Personal information
- Date of birth: 29 September 2002 (age 23)
- Place of birth: Steenderen, Netherlands
- Height: 1.87 m (6 ft 2 in)
- Position: Centre-back

Team information
- Current team: Manchego Ciudad Real

Youth career
- SV Steenderen
- FC Zutphen
- 2012–2019: De Graafschap

Senior career*
- Years: Team / Apps / (Gls)
- 2019–2023: De Graafschap / 13 / (0)
- 2022–2023: → TOP Oss (loan) / 25 / (0)
- 2023–: Manchego Ciudad Real / 16 / (2)

= Milan Hilderink =

Dutch footballer (born 2002)

Milan Hilderink (born 29 September 2002) is a Dutch professional footballer who plays as a centre-back for Spanish club Manchego Ciudad Real.

==Club career==

In 2019, Hilderink signed a two-year professional contract with De Graafschap.

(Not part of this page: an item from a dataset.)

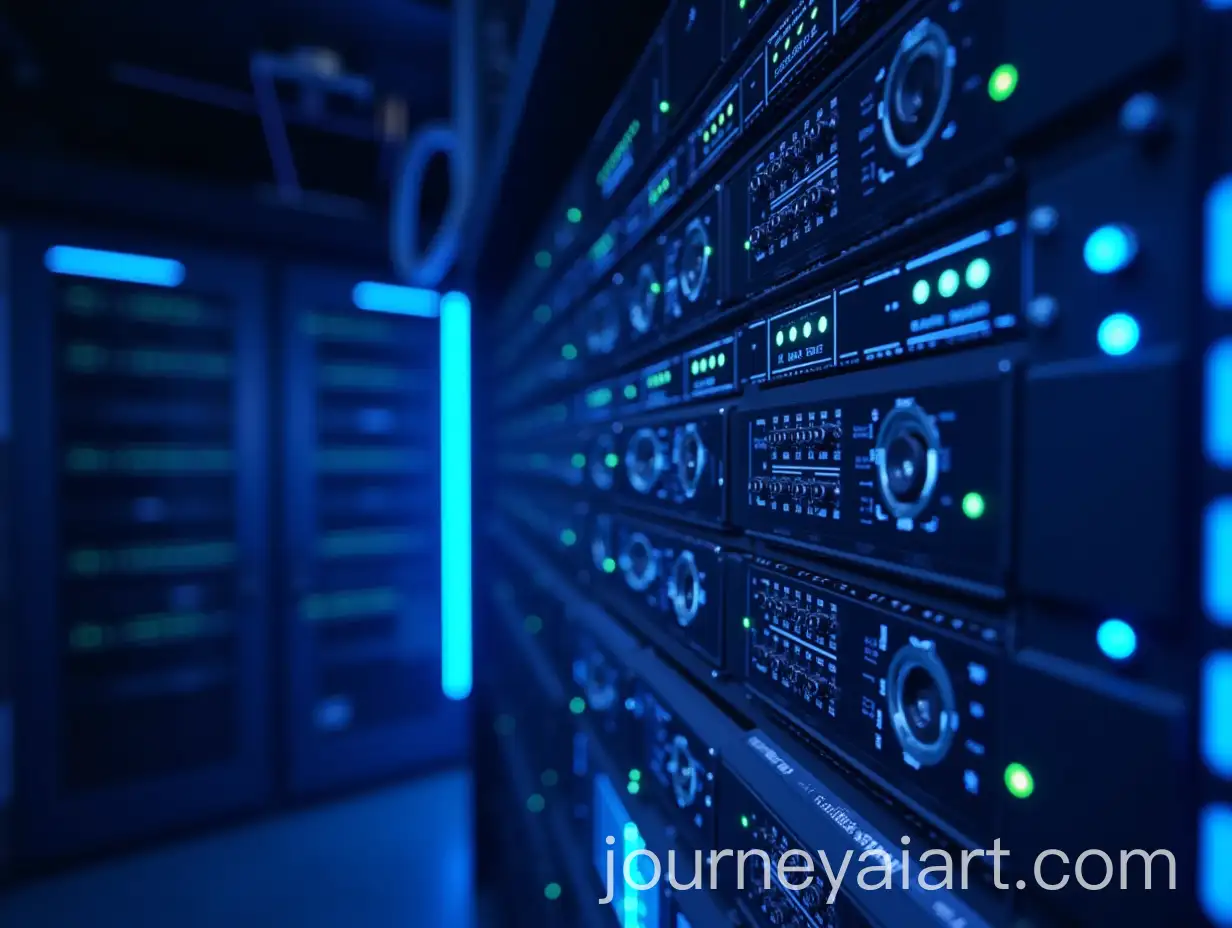 HighTech-Server-Room-with-Cabinets-Wires-and-Glowing-Blue-Lights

He made his professional debut on 23 August 2019 in the match against FC Volendam after replacing Gregor Breinburg in the 83rd minute.

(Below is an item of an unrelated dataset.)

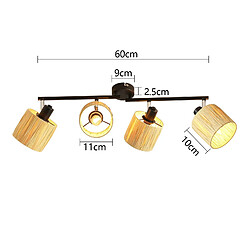 Acheter Nettlife Spot plafond 4 lampes - Noir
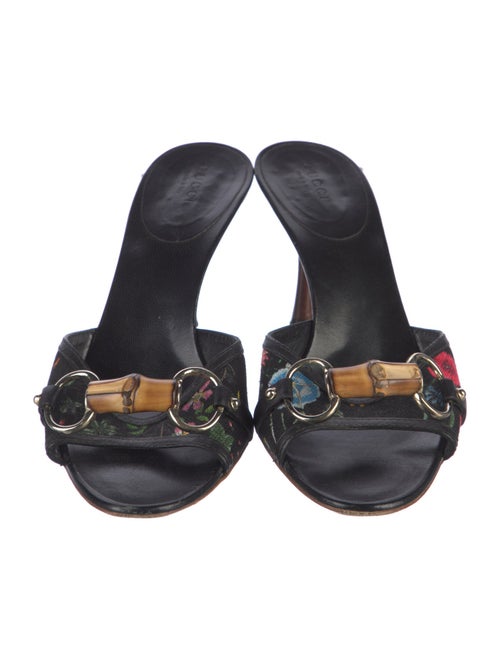 Gucci Flora Print Canvas Slides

Hilderink signed another contract extension in August 2021, keeping him part of De Graafschap until 2023.

On 21 June 2022, Hilderink was sent on a one-season loan to league rivals TOP Oss.

On 15 July 2023, Hilderink signed with Manchego Ciudad Real in the Spanish fourth-tier Segunda Federación.